DATA UNDER STUDY
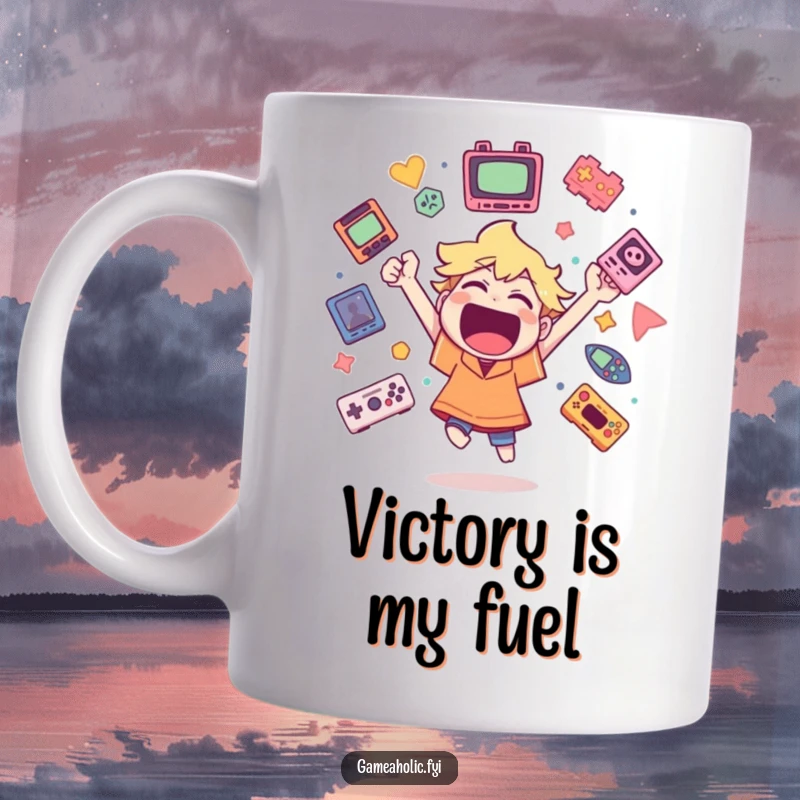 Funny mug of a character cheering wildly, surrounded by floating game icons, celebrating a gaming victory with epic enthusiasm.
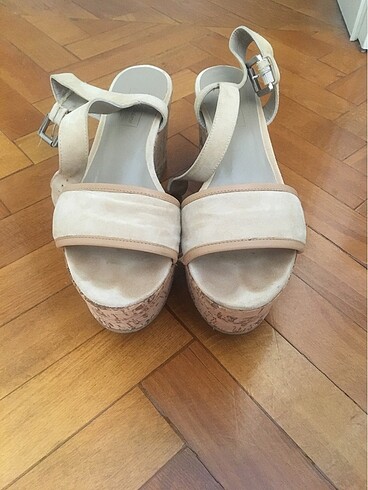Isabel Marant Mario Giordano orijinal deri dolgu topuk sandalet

...

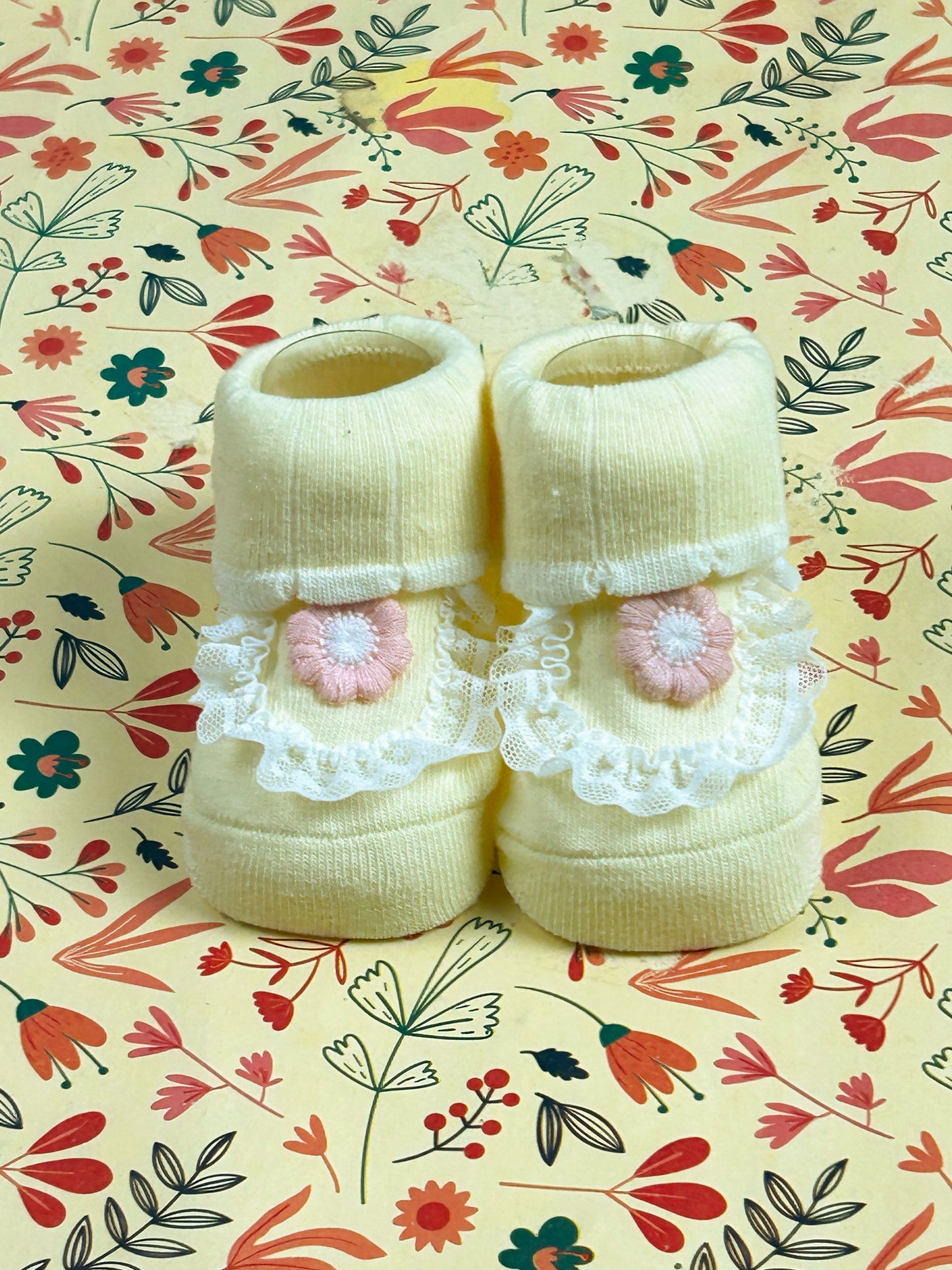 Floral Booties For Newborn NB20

---

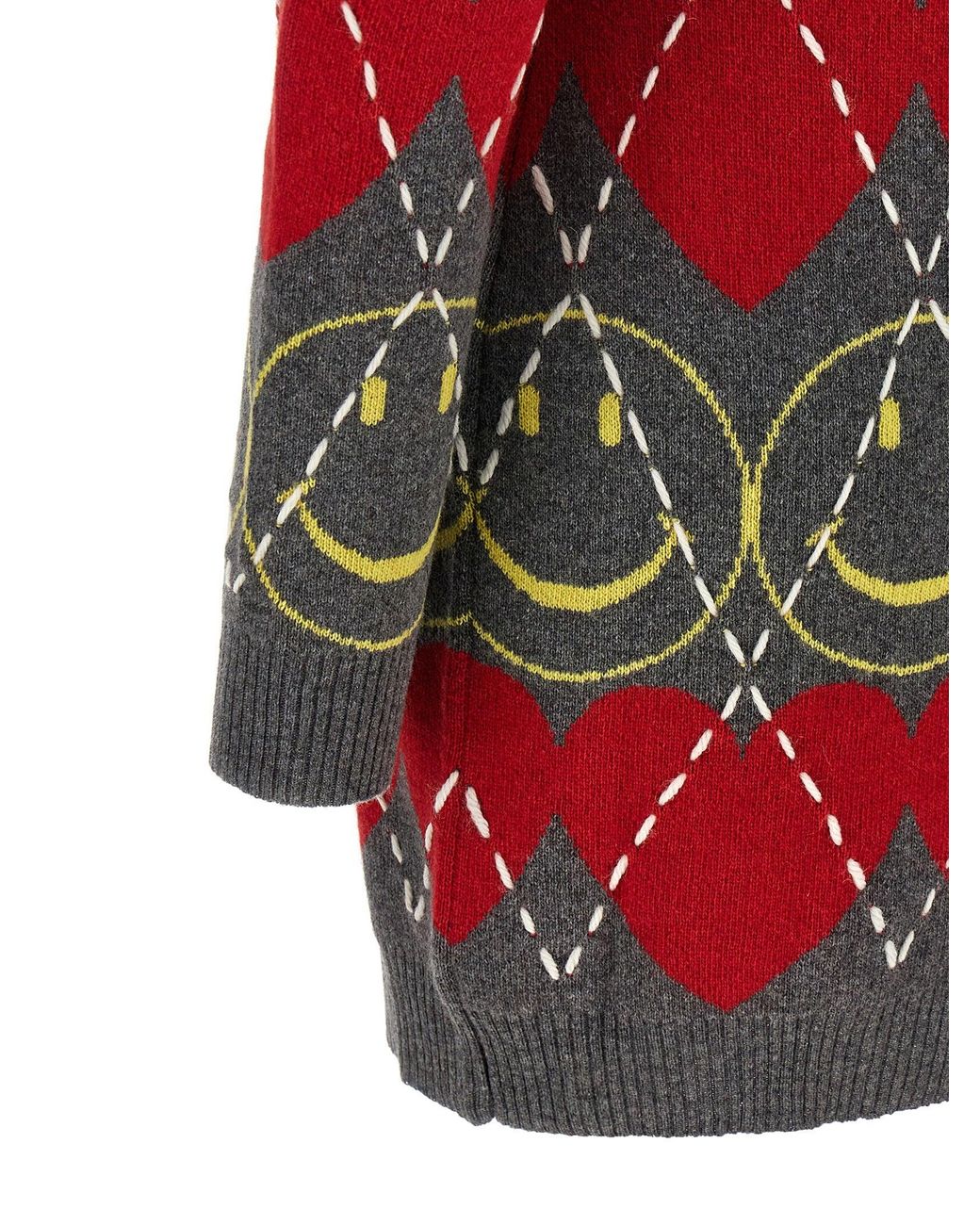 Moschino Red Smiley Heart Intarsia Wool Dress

WORK ITEM
Output only the lines above from the one containing "Funny mug of" to the one containing "Isabel Marant Mario", both included, exactly as written and with no pictures.

EXERCISE ANSWER
 Funny mug of a character cheering wildly, surrounded by floating game icons, celebrating a gaming victory with epic enthusiasm.
Isabel Marant Mario Giordano orijinal deri dolgu topuk sandalet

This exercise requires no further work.